Basandosi su questa constatazione, gli studiosi hanno dunque valutato le richieste di rimborso fatte attraverso l’assicurazione sanitaria da 7,2 milioni di americani, osservando che i consumatori di Viagra avevano il 69% di probabilità in meno di ricevere una diagnosi di Alzheimer entro sei anni dall’assunzione del farmaco rispetto ai non consumatori. Chiaramente, non sorprende sapere che la maggior parte delle persone che hanno assunto il farmaco fossero uomini, sebbene gli autori affermino che l’associazione è stata verificata anche dopo l’aggiustamento dei dati per sesso, età e razza.

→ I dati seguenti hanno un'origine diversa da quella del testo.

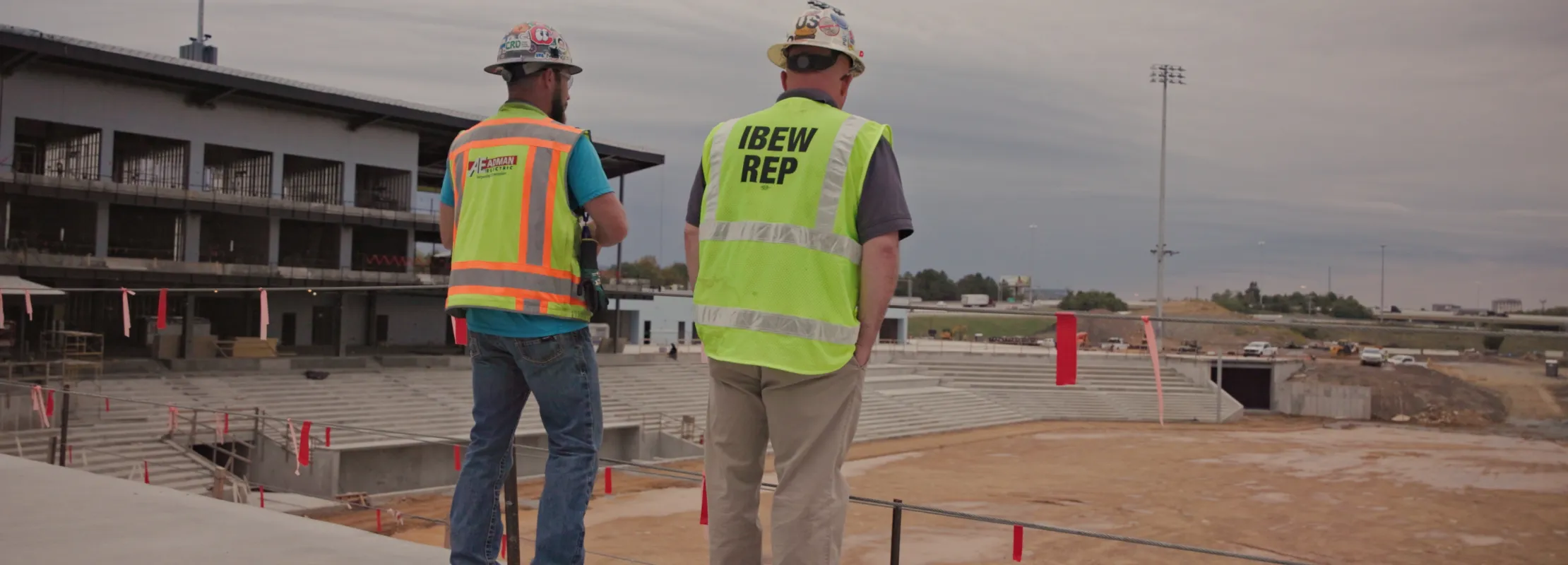 Two construction workers in safety vests and helmets inspecting a large stadium construction site outdoors.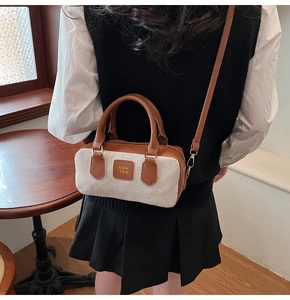 Detail view of canvas and brown leather crossbody bag with adjustable shoulder strap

Poiché i nostri risultati stabiliscono solo un’associazione tra l’uso di sildenafil e la ridotta incidenza di malattia di Alzheimer, stiamo ora pianificando uno studio meccanicistico e uno studio clinico randomizzato di fase II per testare la causalità e confermare i benefici clinici del sildenafil nei pazienti con Alzheimer – ha precisato Cheng – . Prevediamo anche che il nostro approccio venga applicato ad altre malattie neurodegenerative, tra cui il morbo di Parkinson e la sclerosi laterale amiotrofica, per accelerare il processo di scoperta di farmaci”.